Parliamentary committee says bill would otherwise undermine the tech sector

IPB The first Parliamentary report into the UK's draft Investigatory Powers Bill, commonly referred to as the "Snoopers' Charter", says it has great potential to damage the nation's technology sector and the public should therefore pick up the tab for the £2bn (US$2.85bn) or so it will require to implement the data-harvesting legislation.

That's the gist of the report into the Bill, issued today by the UK's Science and Technology Select Committee.

The report argues that complying with the Bill will cost business so much that they'll be disadvantaged when competing with foreign rivals.

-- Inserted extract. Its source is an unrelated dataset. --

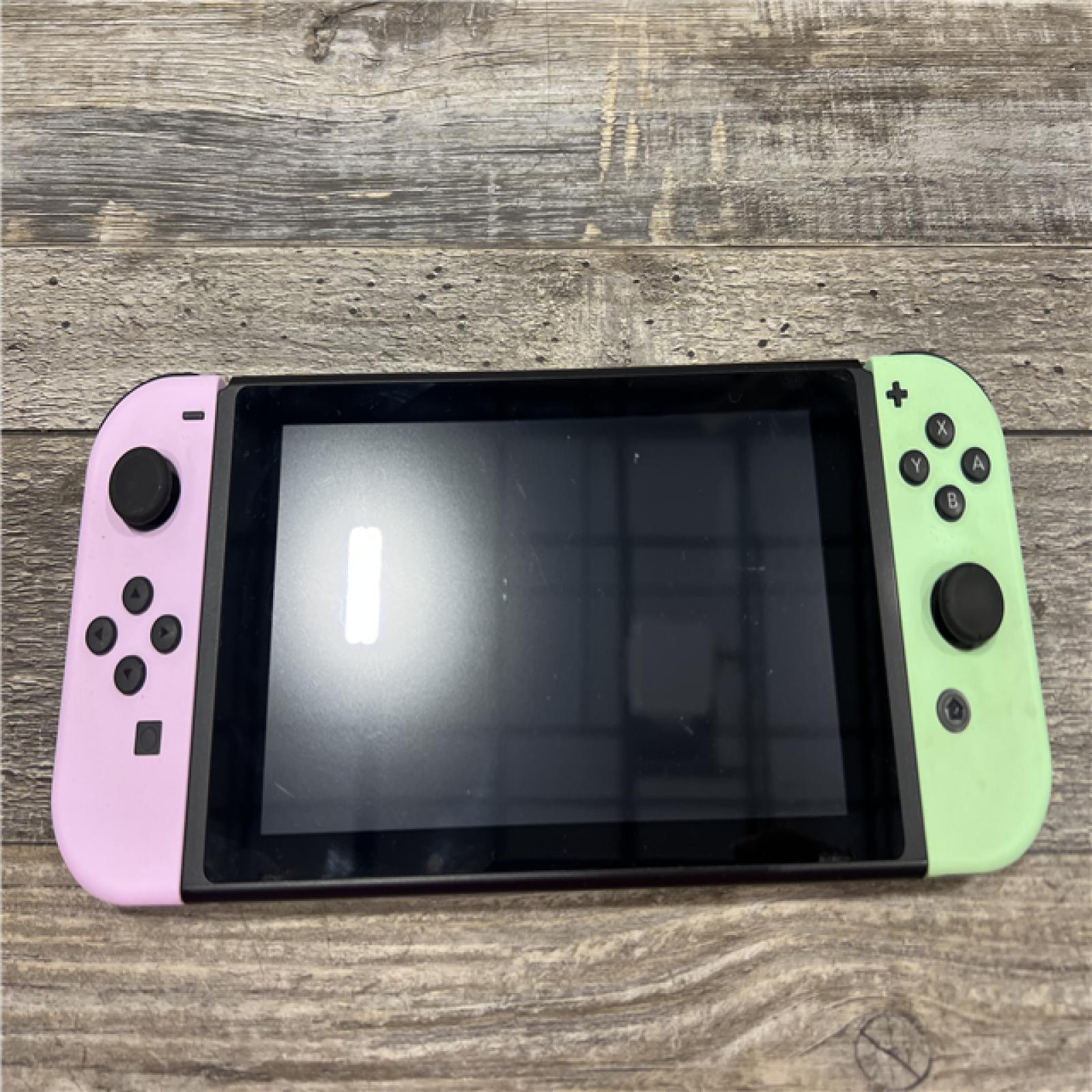 AS-IS Nintendo Switch With  Joy-Con L/R - Pastel Purple/Pastel Green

The report also worries about reputational costs associated with the Bill's provisions for state hacking and mandatory decryption.

Focusing on the technological aspects of the Snoopers' Charter, the inquiry assessed it only in terms of its feasibility and cost, rather than whether its legal powers were proportionate to the threats they were intended to address. That second assessment is being made by the Joint Committee on the Draft Investigatory Powers Bill which is likely to publish its report within the next fortnight.

Nicola Blackwood MP, the committee's chair, stressed the bill's poor definitions of matters like decryption-on-demand (the removal of electronic protection) and the state's legalised hacking abilities (equipment interference). The committee's greatest worry, however, regarded "the feasibility of collecting and storing Internet Connection Records (ICRs), including concerns about ensuring security for the records from hackers."

"The Bill was intended to provide clarity to the industry, but the current draft contains very broad and ambiguous definitions of ICRs," wrote Blackwood, echoing the sentiments of the submissions her committee had received from almost every party except from the Home Office itself.

Does anyone here know what an 'Internet Connection Record' might be?

A consensus among those providing witness statements to the Science and Technology Committee's inquiry, as well as to the Joint Committee providing pre-legislative scrutiny of the draft legislation as a whole, criticised ICRs.

Some ISPs simply confessed ignorance as to what the Home Office could possible mean by the term, while other witnesses gave more robust denials regarding whether ICRs even existed. No witnesses believed they current possessed the capacity to collect ICRs, and there was much echo of The Register's analysis that £2bn was a far closer assessment of its implementation costs than £250m.

The report declared that “the Government must work with industry to improve estimates of all of the compliance costs associated with the measures in the draft Bill.”

Blackwood noted that there are "widespread doubts over the definition, not to mention the definability, of a number of the terms used in the draft Bill”, and the report specifically highlighted that there are "questions as to how collecting and storing ICRs is technically possible, and whether Data Retention Notices to retain all user ICRs are 'necessary and proportionate'."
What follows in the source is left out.